# Anonymous veröffentlicht Enthüllungsportal gegen Rechte



## Alterac (2. Januar 2012)

*Anonymous veröffentlicht Enthüllungsportal gegen Rechte*

Hallo Leute,

ich hoffe man darf hier auch News über Anonymous schreiben.

ANhänger von Anonymous haben ein Enthüllungsportal veröffentlicht.
Auf diesem werden Namen,Adressen,Telefonnummern von NPD Unterstützern
und Kunden von rechten Versandhäusern veröffentlicht.
Die Informationen sind nicht alle neu aber erstmal komplett abrufbar.
Sie nennen es Operation "Blitzkrieg".

Das Forum ist zu erreichen unter entfernt

Die Seite scheint sehr launisch zu sein und bei einigen funktioniert sie nicht.

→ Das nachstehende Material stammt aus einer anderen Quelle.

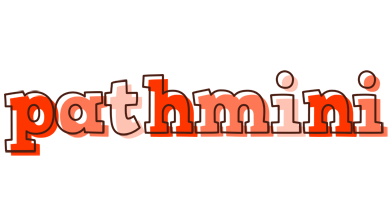 Pathmini paint logo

Hier also ein Screenshot: http://www8.pic-upload.de/02.01.12/4qoebhhunsw4.jpgentfernt



			Dieser Inhalt steht nur eingeloggten Mitgliedern zur Verfügung.


----------



## dj*viper (2. Januar 2012)

*AW: Anonymous veröffentlicht Enthüllungsportal gegen Rechte*

die seite geht nicht...


----------



## Alterac (2. Januar 2012)

*AW: Anonymous veröffentlicht Enthüllungsportal gegen Rechte*

Doch geht wieder.


----------



## Robonator (2. Januar 2012)

*AW: Anonymous veröffentlicht Enthüllungsportal gegen Rechte*

Nö bei mir passiert nichts


----------



## Hansvonwurst (2. Januar 2012)

*AW: Anonymous veröffentlicht Enthüllungsportal gegen Rechte*

Sind sie durch diese Stigmatisierung wirklich besser als die Nazis?


----------



## dj*viper (2. Januar 2012)

*AW: Anonymous veröffentlicht Enthüllungsportal gegen Rechte*

geht immer noch nicht.
wird wohl grad mit ddos angriffen attackiert 

@alterac: leere mal deinen cache...


----------



## Shi (2. Januar 2012)

*AW: Anonymous veröffentlicht Enthüllungsportal gegen Rechte*

http://nazi-leaks.net/

bei mir gehts

Achja, ich find das ist eine super Aktion 
Hoffentlich werden ein paar Kollegen vom schwarzen Block die Spender mal zu Hause besuchen


----------



## DaStash (2. Januar 2012)

*AW: Anonymous veröffentlicht Enthüllungsportal gegen Rechte*

Ich finde das überhaupt nicht gut private Daten zu veröffentlichen, darüber hinaus verstoßen sie gegen decn Hackercodec. Ich mag die NPD nicht aber ich akzeptiere sie aus demokratischer Sicht und man sollte mit ihr auch demokratisch umgehen.

MfG


----------



## dj*viper (2. Januar 2012)

*AW: Anonymous veröffentlicht Enthüllungsportal gegen Rechte*

vielleicht hat der ISP die seite gesperrt...keine ahnung.
bei mir geht net...


----------



## fac3l3ss (2. Januar 2012)

*AW: Anonymous veröffentlicht Enthüllungsportal gegen Rechte*



DaStash schrieb:


> Ich finde das überhaupt nicht gut private Daten zu veröffentlichen, darüber hinaus verstoßen sie gegen decn Hackercodec. Ich mag die NPD nicht aber ich akzeptiere sie aus demokratischer Sicht und man sollte mit ihr auch demokratisch umgehen.
> 
> MfG


 So sehe ich das auch...


MfG
fac3l3ss


----------



## Adam West (2. Januar 2012)

*AW: Anonymous veröffentlicht Enthüllungsportal gegen Rechte*

Ohne mich hier irgend einer Seite anschließen zu wollen, aber: Wir leben in einer Demokratie, wenn man Rechte mit Spenden unterstütz, unterstützt ist das 1. nicht verboten und 2. Privatsache!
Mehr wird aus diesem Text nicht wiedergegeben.